Mais dans une communauté démocratique et multinationale, convient-il de déléguer aux seuls experts et diplomates la définition de biens communs – paix, sécurité, liberté – et la diffusion de l’esprit de défense ?

En réalité, l’appel de Juncker n’est pas technique ; c’est une interpellation d’ordre politique et symbolique : susciter la conscience d’appartenance des citoyens de vingt-huit nations à un ensemble commun, ayant des valeurs fondatrices et des intérêts à protéger. Les défis extérieurs sont – l’Histoire en témoigne – un facteur de cohésion collective, comme l’éprouve, dans la douleur, la nation ukrainienne tard venue. Naguère encore, la conscription favorisait l’intégration politique des futurs citoyens par la conscience de biens et d’intérêts communs à préserver. À la seule échelle nationale. Aujourd’hui, les défis sont collectifs, éprouvés à l’échelle de l’Union européenne.
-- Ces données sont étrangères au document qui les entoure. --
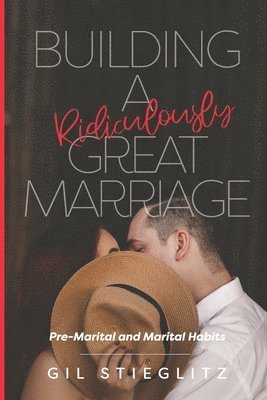 Building a Ridiculously Great Marriage 1
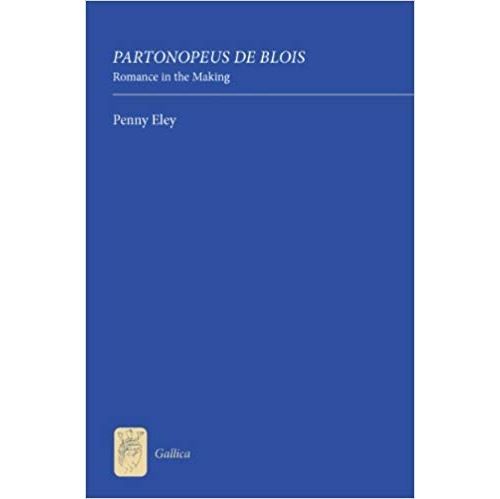 Partonopeus De Blois: Romance In The Making Relié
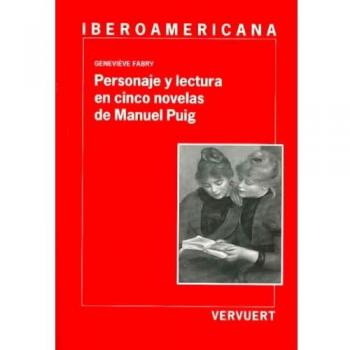 Personaje y lectura en cinco novelas de Manuel puig
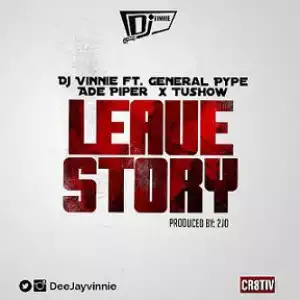 DJ Vinnie - Leave Story ft. General Pype, Ade Piper & Tushow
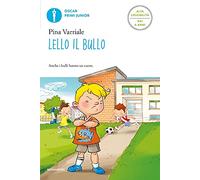 Lello il bullo. Ediz. alta leggibilità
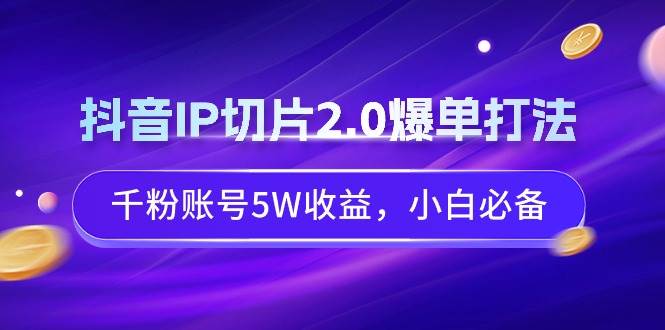 抖音IP切片2.0爆单打法，千粉账号5W收益，小白必备-锦晨科技网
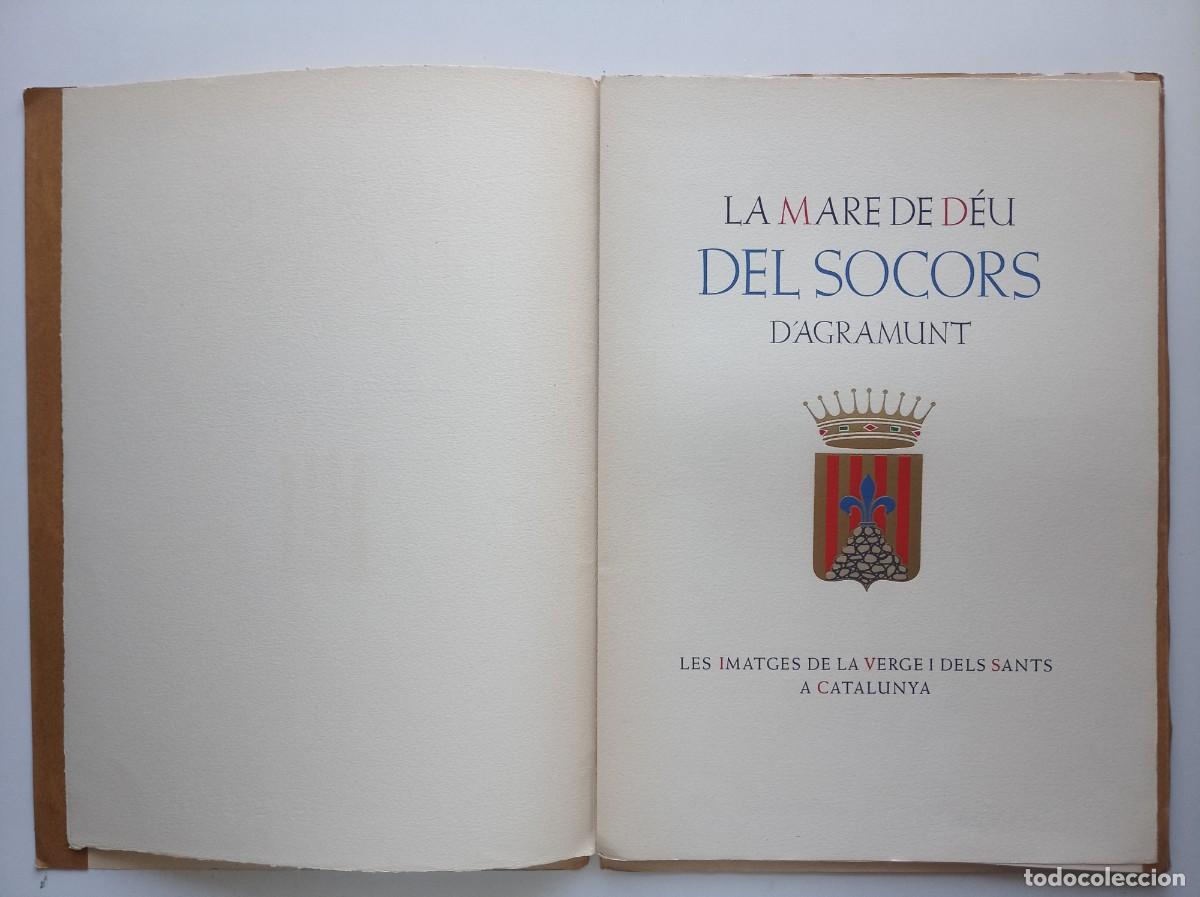 Libros antiguos: LA MARE DE DEU DELS SOCORS D &acute;AGRAMUNT. 1950. LUJOSA EDICI&Oacute;N. 35 X 25 .GRABADOS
Puisque la conscription ne sera pas rétablie par les États européens (le cas lituanien est une exception), pourquoi ne pas imaginer un « Erasmus civilo-­militaire », inspiré de ce qui se fait de mieux en Europe avec la mobilité des étudiants et des apprentis, pour créer une « réserve » européenne ? Non pas un rendez-vous citoyen ni, à l’opposé, une armée de métier, mais un service civilo-militaire européen. Il durerait au moins six mois, avec cours de langue (la maîtrise de plusieurs langues est la condition du dialogue et de la compréhension des missions et des ordres), d’histoire et de géographie européennes, entraînement sportif et militaire approfondi, apprentissage des techniques de sécurité civile, séjour de terrain, de préférence sur les frontières extérieures de l’Union. Les formations théoriques et pratiques seraient dispensées dans des écoles civilo-­militaires, sur le modèle des collèges d’Europe de Bruges et de Natolin. Elles seraient ouvertes à tous les jeunes Européens, filles ou garçons volontaires, sur une base contractuelle. L’organisation géographique pourrait coïncider avec celle des groupements tactiques multinationaux, selon les ensembles régionaux.

Ce projet serait l’occasion d’une pédagogie de l’esprit de défense en toute autonomie de décision et à la seule échelle pertinente, celle de la communauté européenne des citoyens.